Feeding Pennsylvania Policy Priorities
Feeding Pennsylvania recognizes the challenges hunger relief organizations face in assisting our neighbors in need and is uniquely positioned to provide solutions. However, we also recognize that we alone cannot fully meet these challenges. Fighting hunger requires a private/public partnership, and our food banks rely on federal and state investments in critical anti-hunger programs to help us meet this challenge.
With so many families struggling to make ends meet and food banks stretched thin, we urge the United States Congress to protect and strengthen anti-hunger programs.

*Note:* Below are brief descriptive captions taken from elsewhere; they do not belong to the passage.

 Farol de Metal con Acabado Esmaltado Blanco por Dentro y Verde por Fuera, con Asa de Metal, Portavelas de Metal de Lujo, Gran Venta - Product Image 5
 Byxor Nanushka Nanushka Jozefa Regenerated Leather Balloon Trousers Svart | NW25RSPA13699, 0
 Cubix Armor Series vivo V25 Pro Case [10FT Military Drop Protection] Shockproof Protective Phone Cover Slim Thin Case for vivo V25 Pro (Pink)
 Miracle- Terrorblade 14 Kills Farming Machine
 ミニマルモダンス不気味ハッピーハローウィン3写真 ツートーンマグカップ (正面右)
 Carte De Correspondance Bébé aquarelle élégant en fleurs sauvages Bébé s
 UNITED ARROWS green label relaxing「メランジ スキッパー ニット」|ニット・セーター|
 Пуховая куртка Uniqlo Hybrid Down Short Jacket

Annual Federal Appropriations
Feeding Pennsylvania is engaged in advocating for a strong federal anti-hunger safety net through the annual appropriations process and ensuring programs like SNAP, TEFAP (which provides commodity foods for short-term hunger relief), CSFP (which provides food to low-income seniors), and WIC (which provides nutrition assistance and education to pregnant and nursing women, infants, and children) have adequate funding to meet the need.
Annual State Appropriations
PASS is an innovative program for putting healthy and nutritious food grown by Pennsylvania farmers into the charitable food system. Through PASS, the Pennsylvania Department of Agriculture provides funding for charitable organizations to offset the costs of harvesting, packing, and transporting fruits, vegetables, eggs, dairy, beef, pork, and poultry (much-needed items at food banks and their agencies) from Pennsylvania producers, thereby reducing the cost. Significant portions of the product purchased through PASS is food that is perfectly nutritious and edible but might otherwise become waste. PASS was initially funded in 2015-2016 at $1 million and steadily increased to $4. 5 million in 2022-2023. We are advocating for continued funding, as well as recommending an increase to $5 million to further increase the full potential of PASS. Read the most recent Economic Impact of the Pennsylvania Agricultural Surplus System report here: Economic Impact of the Pennsylvania Agricultural Surplus System Report.

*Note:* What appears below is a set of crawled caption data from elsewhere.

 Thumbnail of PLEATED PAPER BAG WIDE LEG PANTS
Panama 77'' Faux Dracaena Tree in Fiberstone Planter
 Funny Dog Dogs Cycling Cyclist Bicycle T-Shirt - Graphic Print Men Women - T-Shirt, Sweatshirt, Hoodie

Pennsylvania’s State Food Purchase Program provides essential funding to all 67 counties to support the purchase and distribution of food to our most vulnerable, low-income citizens, and to provide enhanced access to surplus federal food commodities. These funds are intended to supplement the efforts of food banks, food pantries, and similar organizations in their efforts to reduce hunger. Along with our other anti-hunger partners in PA, Feeding Pennsylvania is engaged in advocating for strong funding for this program.
The Child Nutrition and WIC Reauthorization Act authorizes all of the federal child nutrition programs, including the School Breakfast, National School Lunch, Child and Adult Care Food, Summer Food Service, and WIC. These programs provide funding to ensure that low-income children have access to healthy and nutritious foods where they live, play, and learn. Our priorities include continuing to expand the reach of the After School Meal Program, strengthening the Summer Nutrition Programs, continuing to support the momentum of school breakfast expansion in every state, and ensuring that school children have access to nutritious foods during weekends and extended school holidays.
In September 2016, the Governor’s Food Security Partnership released Setting the Table: a Blueprint for a Hunger-free Pennsylvania. We support the goals and recommendations of the blueprint to reduce hunger in the commonwealth. Key goals by 2020 include increasing awareness and participation in existing programs such as SNAP, WIC, and free and reduced-price school breakfast and lunch, forming local food alliances, availability of SNAP bucks at high-need farmers’ markets, streamlined access to food security information and education, and improved access to healthy, nutritious food.